Tsvangirai insisted that our usual rules were inapplicable to a matter of such grave national importance and that the only one way this matter could be resolved was that the national council takes responsibility and vote on it. He also insisted that we should not report to the national council our full deliberations and in particular, that he was in a minority of one in the management committee.

We agreed, returned to the national council and reported that we were unable to resolve the matter as management committee and therefore it was our recommendation that the national council should vote and that way decide the matter. At the suggestion of Morgan Tsvangirai, the national council requested each and every member to make an undertaking that he or she would accept the outcome of the vote. On that understanding, a secret ballot was duly taken and that vote was in favour of participation.

We all know that after that vote Tsvangirai refused to accept the outcome and stormed out of the meeting and thereafter unleashed his thugs on members of the national council who had debated in favour of participation and further publicly lied about the outcome of that vote.

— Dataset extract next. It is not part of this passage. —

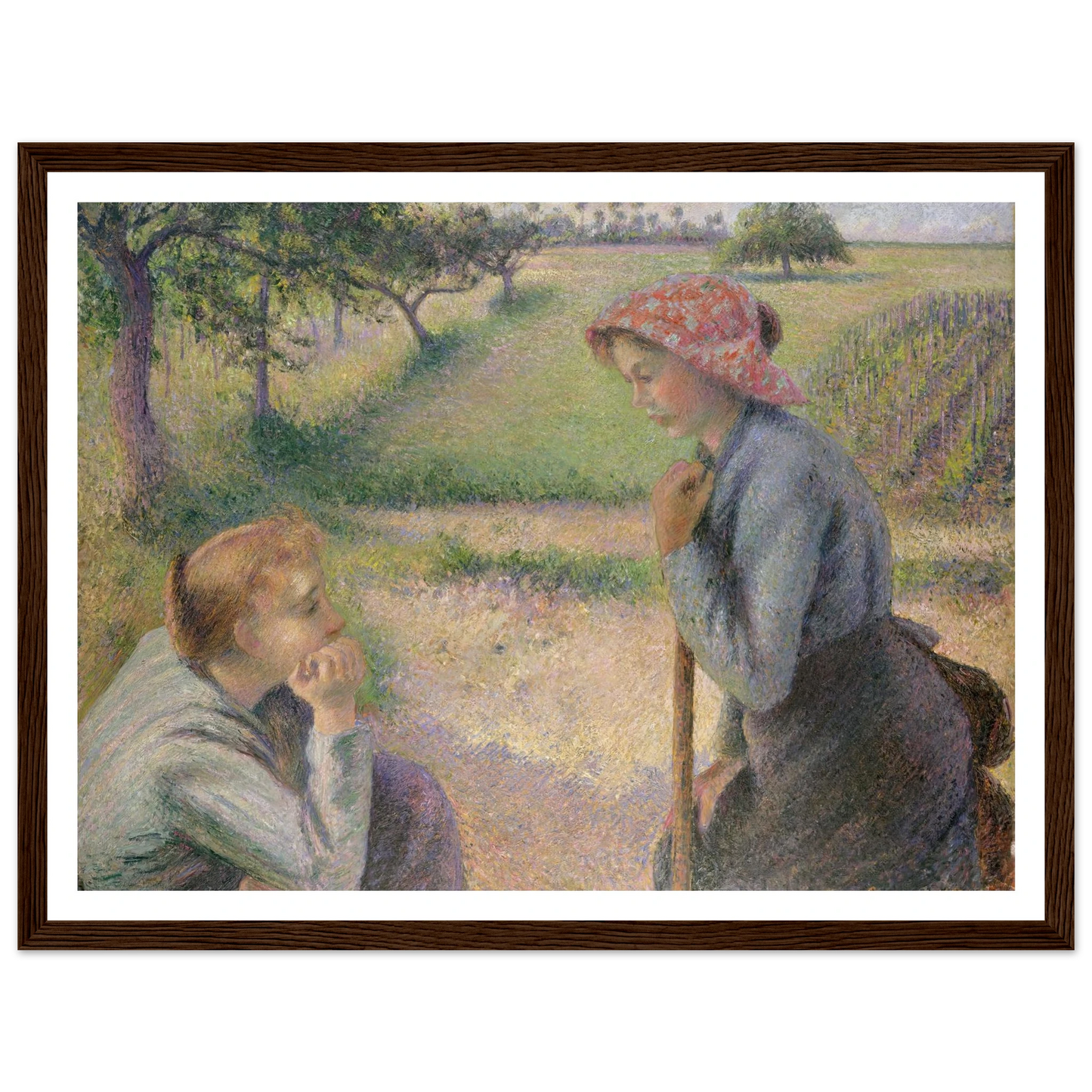 Two Young Peasant Women (1891–92) Art Print | Camille Pissarro - Framed Poster - 30x40 cm / 12x16″ - Black frame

It is these actions by Morgan Tsvangirai which triggered the split of the MDC.

In summary the split of the MDC was caused Tsvangirai’s repeated refusal to accept collective decisions, his penchant for unilaterally reversing collective decisions, his resort to violence as an instrument of political organization, his frequent deployment of ethnicity as a political weapon and or shield.

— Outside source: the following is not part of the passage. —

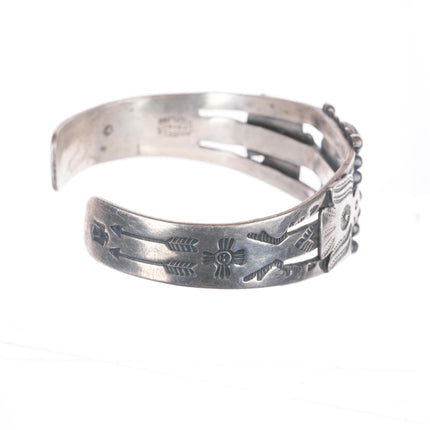 6.25" c1940 Maisels/Fred Harvey Thunderbirds Cerrillos turquoise cuff bracelet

Tsvangirai’s fixation with tribal paddocking never ceases to amaze, and it comes out glaringly clear in the Southern Eye edition of 21 July 2014, in which he professed his unadulterated hatred of my person. It is however worrying that, over the years, this trait has become pathological.

While it is shocking to see a political leader publicly professing an inability to forgive, which in my view automatically disqualifies him as a leader, and while Tsvangirai has every right to hold on to his anger and hatred, I and the MDC bear him no malice. It is however this professed personal hatred that rendered any attempts at reunification or coalition with MDC-T impossible. His confession reveals how insincere he was all along when he claimed he was interested in the same. It also explains why he was willing to side with President Mugabe during the inclusive government.

For the avoidance of doubt, those who ask and are in need for forgiveness are those who have done or feel they have done wrong. While the split of the MDC remains a painful and distressing episode, I have no doubt in my mind that given the same circumstances as prevailed at the split of the MDC in 2005, I would make exactly the same decision as I made then.